**Source material:**
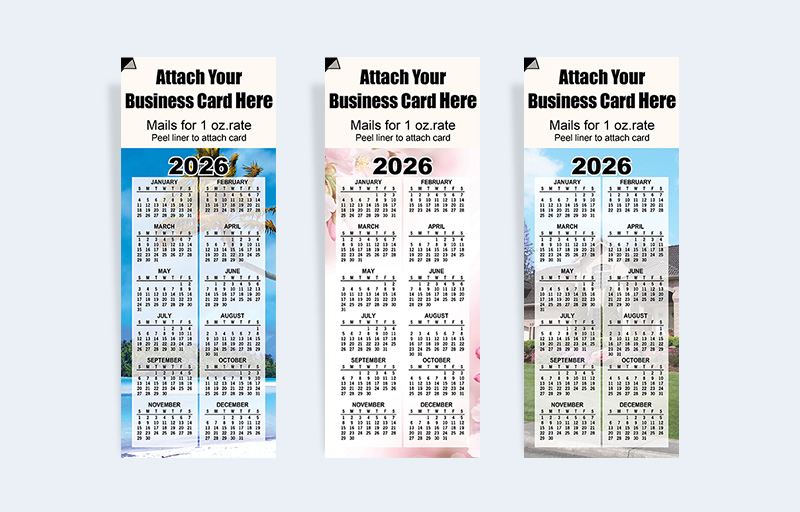  Real Year at a Glance Calendars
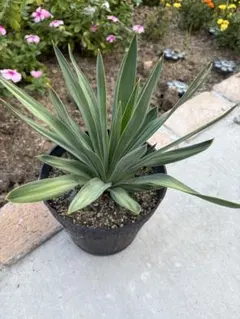 2026年最新】ユッカグロリオサの人気アイテム - メルカリ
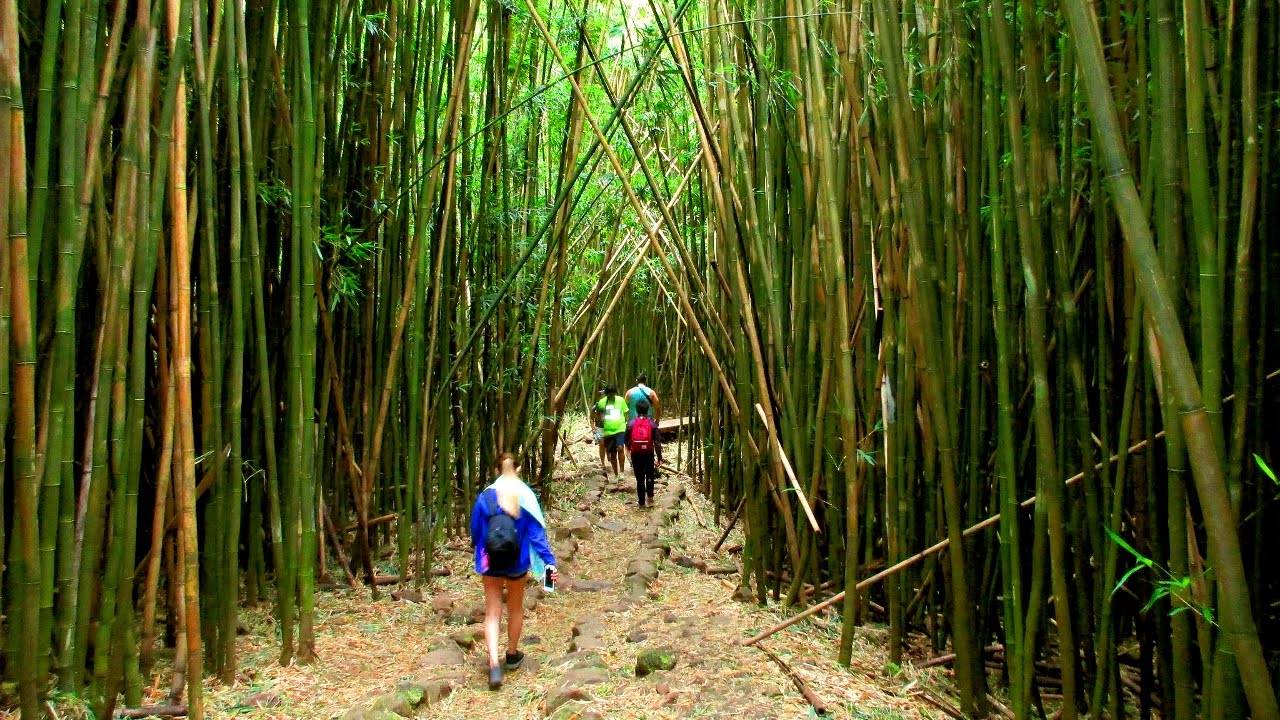 Pipiwai Trail Maui Hawaii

**Instructions to follow:**
Output the data exactly. Pictures don't belong in the result.

**Solution to this exercise:**
  Real Year at a Glance Calendars
 2026年最新】ユッカグロリオサの人気アイテム - メルカリ
 Pipiwai Trail Maui Hawaii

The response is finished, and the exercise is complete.